Unexpected Places / by Liz Brown

image.jpg

Through elementary school into highschool, I took a variety of art classes, from painting to drawing to pen design. Beauty was straightforward, easy, black and white, yet colourful.

However, in college, my dorm room was tiny and I didn’t have room or time for any of these mediums. So I grabbed my point-and-shoot camera and explored the streets of Chicago, finding beauty in alleys and other forgotten places. I bought an SLR six months later and shot my first hardcore show the next month. I was hooked.

I never shot at Millennium Park or at Willis Tower or at any of the typical Chicago landmarks. Part of it was stubbornness, I think, but part of me also wanted the challenge of finding something different, beautiful and unique, a sort of extraordinary quiet grit. I found beauty in unexpected places in a small way: through my camera.

image.jpg

Then I graduated and left that city. In moving from Chicago to Des Moines, I anticipated a slow, boring, and rather unbeautiful life. There wasn’t the wild feeling of exploration I’d had in Chicago when I drove through the streets I’d grown up on in Des Moines. I didn’t see beauty here. I didn’t see it for over a year.

 Des Moines required the same skill I’d began to cultivate in Chicago, but in a bigger way. The skill of seeing and seeking beauty in unexpected places. I learned that when you have to seek beauty in that way, you learn to own it in a different way than when it’s more obvious.
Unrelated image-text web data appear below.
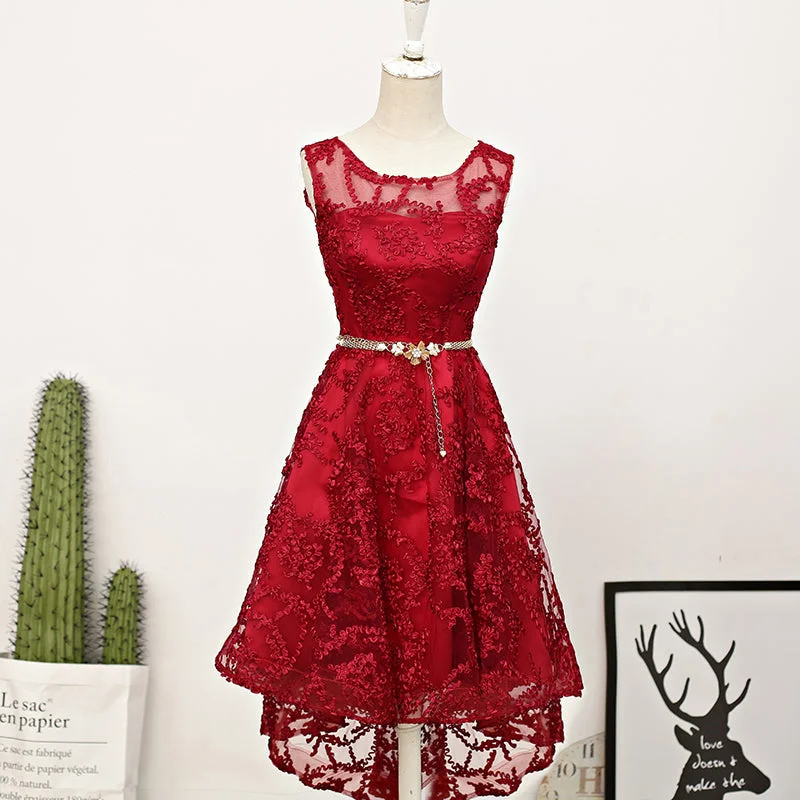 Dark Red High Low Lace Party Dress Homecoming Dress, Red Short Prom Dress Lace Sexy Club
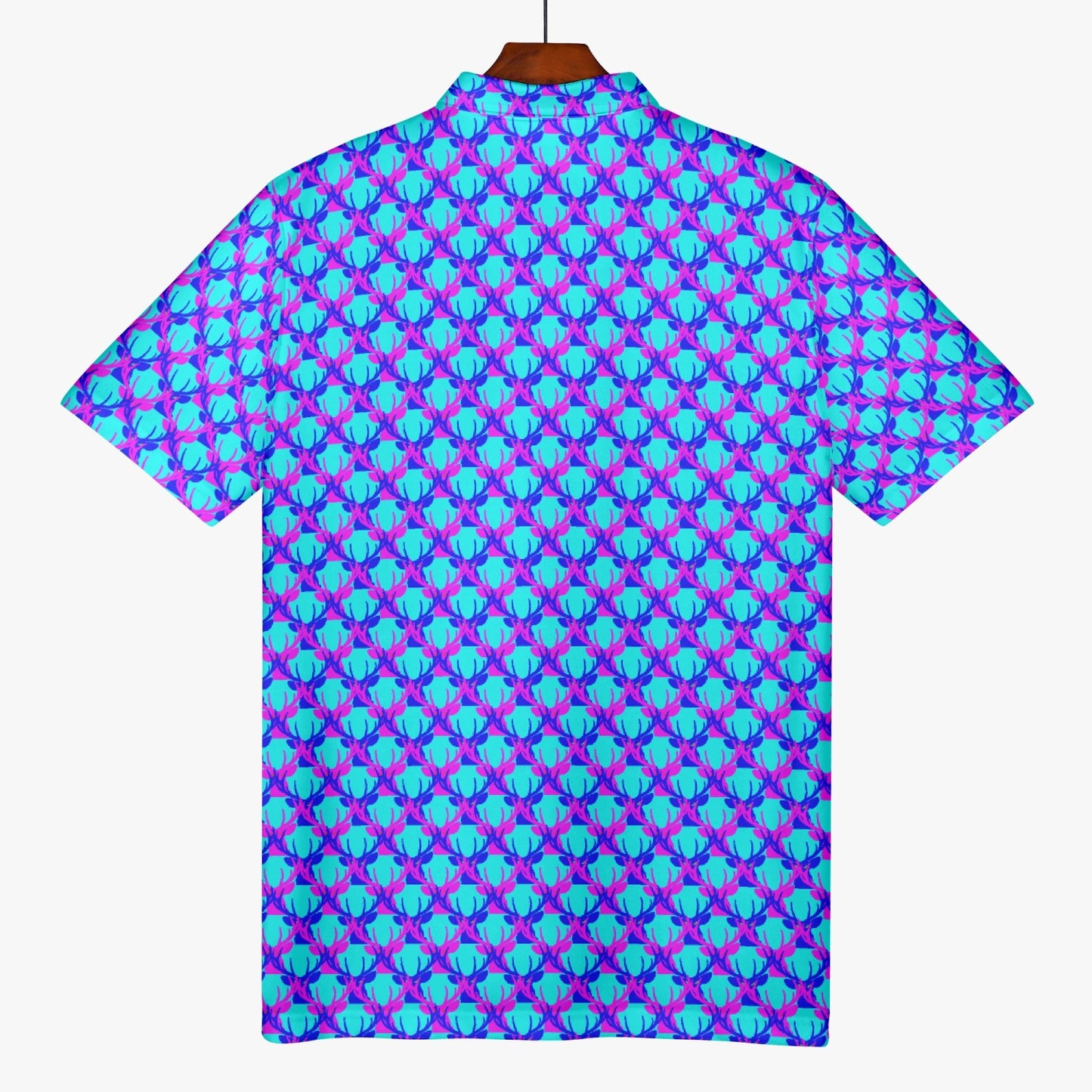 Official Deermageddon the Musical Polo Golf Shirt - Blue, Purple, and Lt Blue pattern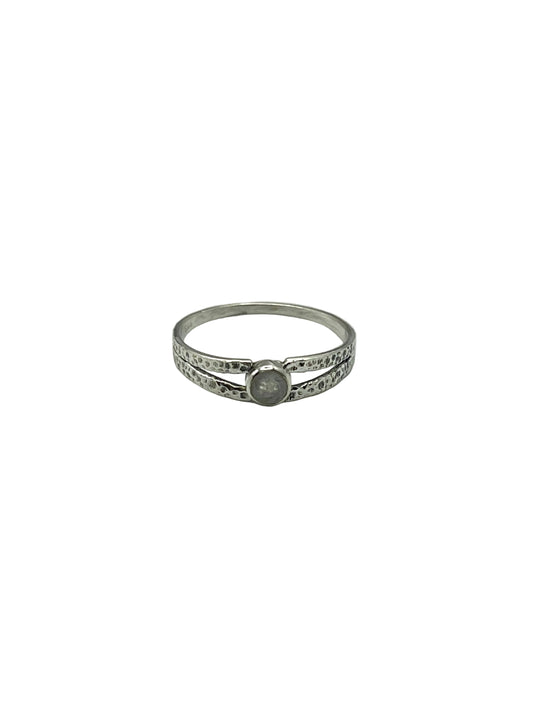 Hammered Band Gemstone Rings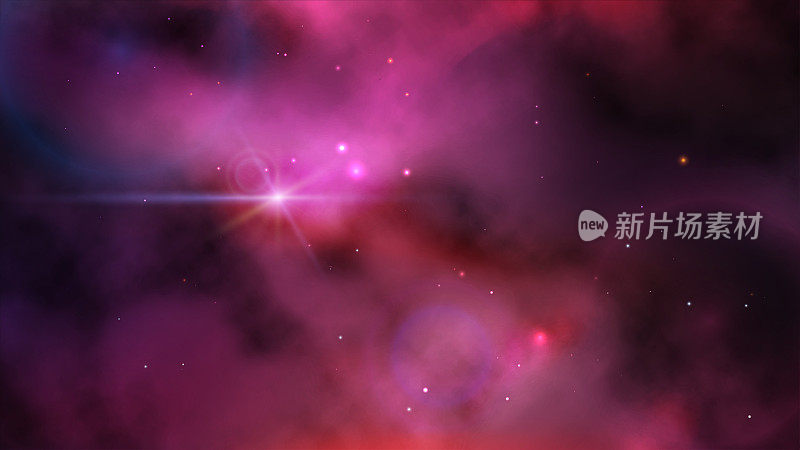 紫色星云的宇宙背景有许多恒星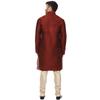 Veera Paridhaan Plain Maroon and Beige Chinese Collar Men Kurta With Payjama Set view 4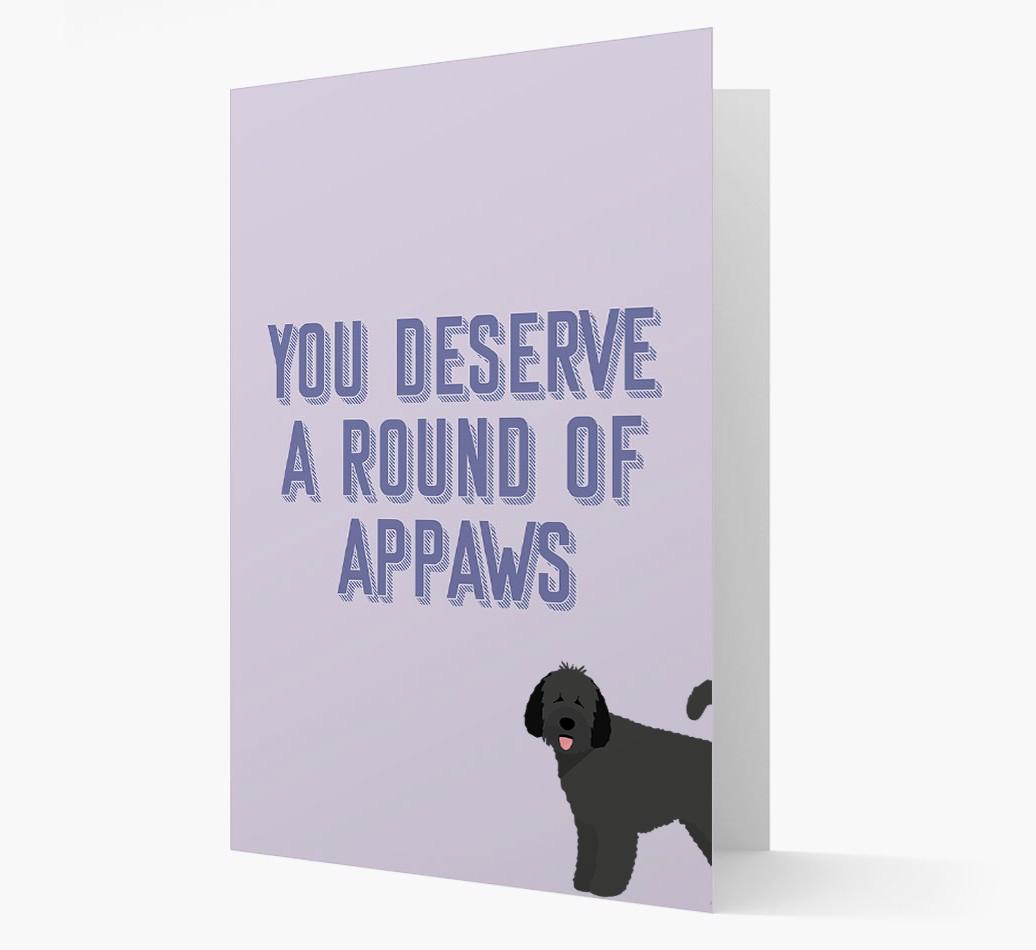 'You Deserve A Round Of Appaws' Card with {breedFullName} Icon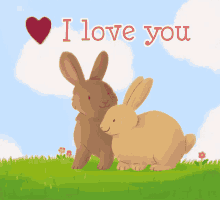 Cute Bunny Couple I Love You GIF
You’ve discovered the beauty: it’s yours.

 And somehow here my restlessness turned into discovery and I was met with community and collaboration and more creativity than I’ve ever experienced in my life. I grew to love Des Moines deeply, seeing it not only as beautiful, but as perhaps the best place to create and experience art that I’ve ever lived.

image.jpg

 I’m reading a book called “The Artisan Soul.” I’ve been reading it for a while, and I’m slowly and steadily approaching the end. The premise is that the greatest works of art we can create are our own lives. That our lives are a work of art, and the same principals we use to create a visual or musical masterpiece are the skills we use to create a masterpiece of a life.

 Part of art is finding beauty in unexpected places. In shooting Chicago alleys and hardcore shows and on gritty street.

 And maybe that’s part of life, too. Sometimes that unexpected place is instead a corporate office. Sometimes it’s a routine or something new and scary. And sometimes that unexpected place of life and beauty and art is your own city.

 Most of you know my friend Sarah, and one of the things she’s taught me is that beauty is a choice: she often hashtags her photos “choose to see.” And maybe that’s the point:

 Part of art is finding beauty in unexpected places.

 And your life is the most beautiful work of art you can create.

But sometimes it’s hard to see any beauty around you. It’s a Tuesday, storming, and you have an insane workload. You’re ready to be anywhere but here. But I promise you, that wherever you’re at, there’s beauty all around you, if only you choose to see it.

 And perhaps learning to see beauty is the greatest work of art of all.